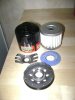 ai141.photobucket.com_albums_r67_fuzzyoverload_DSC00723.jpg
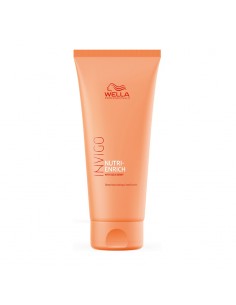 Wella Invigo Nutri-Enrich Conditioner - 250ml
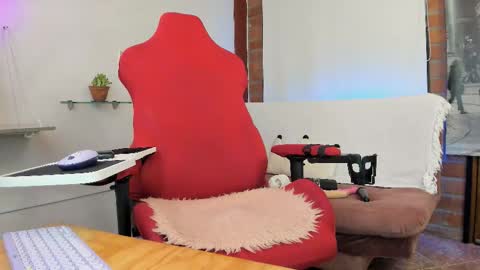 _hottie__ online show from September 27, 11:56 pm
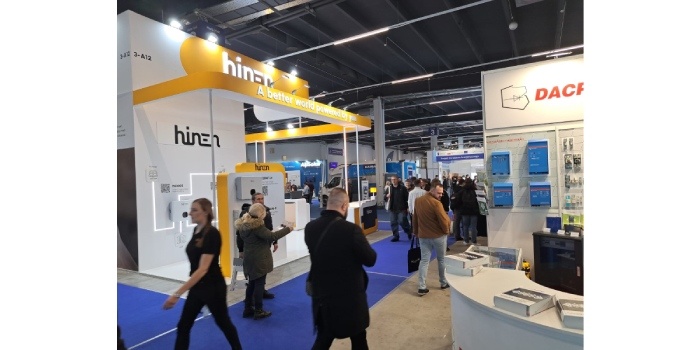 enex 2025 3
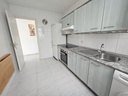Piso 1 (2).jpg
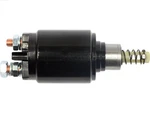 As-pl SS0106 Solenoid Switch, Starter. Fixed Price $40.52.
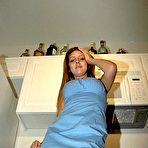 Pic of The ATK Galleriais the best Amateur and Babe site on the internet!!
··········
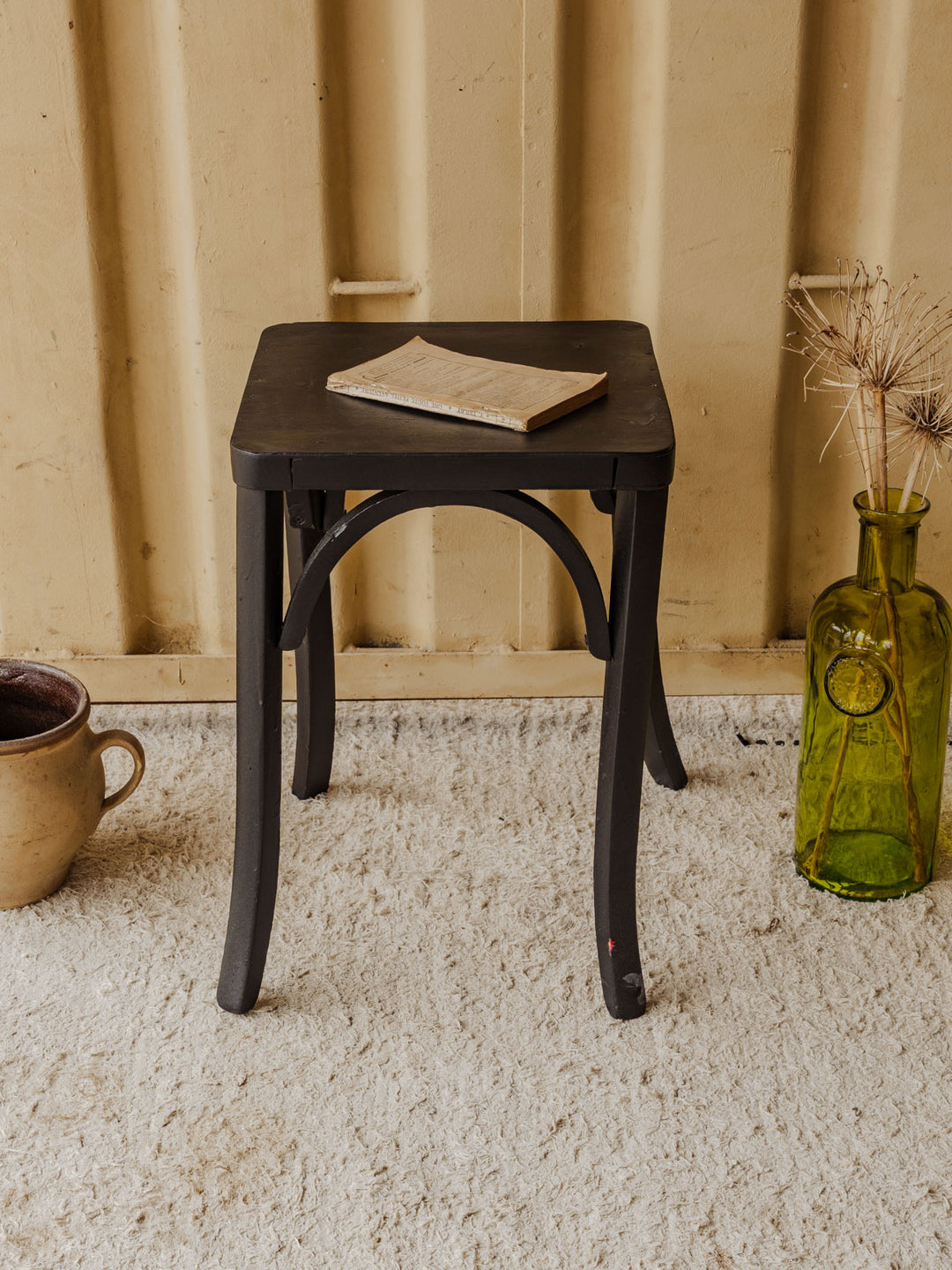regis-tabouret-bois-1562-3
··········
> AIM OF THE EXERCISE:
In the listing above, find the line with "Piso 1 (2).jpg" and the line with "Pic of The ATK". Output both, plus every line between them, and no pictures.

> THE COMPLETED TASK:
Piso 1 (2).jpg
 As-pl SS0106 Solenoid Switch, Starter. Fixed Price $40.52.
 Pic of The ATK Galleriais the best Amateur and Babe site on the internet!!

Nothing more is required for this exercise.